Sort your medication
Those of us people with mental health difficulties can and do have working lives but we can still have challenges that people without mental health difficulties do not face. To be well and to stay well can take enormous amounts of energy. I had toyed with the idea of stopping my medication so I could better function, but I decided instead to speak to my doctor and broach the risky strategy of changing to something that sedated me less. Although I was not sure I needed medication, this was not the time to test that theory.
I switched to something less sedating and I continued taking my sedating medication at a lower dose.
In the meantime, I sheepishly broached the issue of working hours to my boss. I asked if I could come in a half hour later when the morning rush had calmed. Thirty minutes made all the difference – less time travelling, and an extra half hour – gave me breathing space in the morning. I was lucky again in that they agreed.
Practice makes perfect
As time went on, things got better. The self doubt I had felt began to wane. I knew that anybody would be nervous in a new job. It was not just me, and it was okay that I felt that way. And so I began to relax.

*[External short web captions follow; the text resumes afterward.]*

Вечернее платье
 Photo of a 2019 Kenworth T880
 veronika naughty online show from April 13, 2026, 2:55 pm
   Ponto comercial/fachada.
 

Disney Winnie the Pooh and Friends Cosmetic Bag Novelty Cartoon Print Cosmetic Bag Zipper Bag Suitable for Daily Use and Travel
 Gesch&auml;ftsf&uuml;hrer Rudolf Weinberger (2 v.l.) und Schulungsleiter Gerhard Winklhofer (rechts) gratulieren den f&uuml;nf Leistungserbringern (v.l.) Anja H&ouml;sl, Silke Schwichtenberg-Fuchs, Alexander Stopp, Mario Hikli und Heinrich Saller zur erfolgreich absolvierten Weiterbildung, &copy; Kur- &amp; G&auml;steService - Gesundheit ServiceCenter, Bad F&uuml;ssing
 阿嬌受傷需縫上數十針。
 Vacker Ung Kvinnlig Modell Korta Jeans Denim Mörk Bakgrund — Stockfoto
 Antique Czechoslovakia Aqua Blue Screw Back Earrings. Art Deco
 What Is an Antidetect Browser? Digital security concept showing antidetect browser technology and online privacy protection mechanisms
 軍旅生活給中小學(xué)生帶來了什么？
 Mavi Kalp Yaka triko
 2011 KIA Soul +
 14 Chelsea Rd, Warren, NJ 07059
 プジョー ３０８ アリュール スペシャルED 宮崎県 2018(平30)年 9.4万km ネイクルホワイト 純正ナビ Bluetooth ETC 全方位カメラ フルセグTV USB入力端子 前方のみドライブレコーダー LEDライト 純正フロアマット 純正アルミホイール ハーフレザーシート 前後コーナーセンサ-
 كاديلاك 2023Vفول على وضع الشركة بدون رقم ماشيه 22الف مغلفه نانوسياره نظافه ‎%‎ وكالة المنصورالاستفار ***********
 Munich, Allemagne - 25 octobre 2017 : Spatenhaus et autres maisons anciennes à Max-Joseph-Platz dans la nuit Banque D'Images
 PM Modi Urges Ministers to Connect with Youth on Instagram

I did my job well, with practice. With practice, socialising and speaking to people became easier, too. Having become accustomed to the routine at work, I formulated my own around it. I stuck to it rigidly. I made sure I got enough sleep no matter what happened. For me, sleep and routine are the lynchpins to staying sane. And it worked.
Slowly, I began to regain my confidence. Confidence that I was capable. Confidence that I could do it. And I did it – I worked my last day on a Friday in September. Now I’m off to university to study nursing.
I’ve mentioned luck a few times in this article. I am not superstitious but luck has played a large role in my getting onto a course and getting into work. You shouldn’t need luck. If you are ready, if you want to volunteer or want to work, then fight for the help to which you’re entitled. It’s a gamble but it may be worth it.
If you are currently taking medication and you find that your circumstances have changed or are due to change in the near future, it is always worth discussing and reviewing your options with your doctor or other health care professional. Rethink Mental Illness published an excellent guide to medication, Only the Best, available as a free download from their website here.
Many mental health difficulties can be legally considered as disabilities. The Equality Act 2010 provides a number of protections for workers with disabilities. The Direct Gov website is a good place for learning more.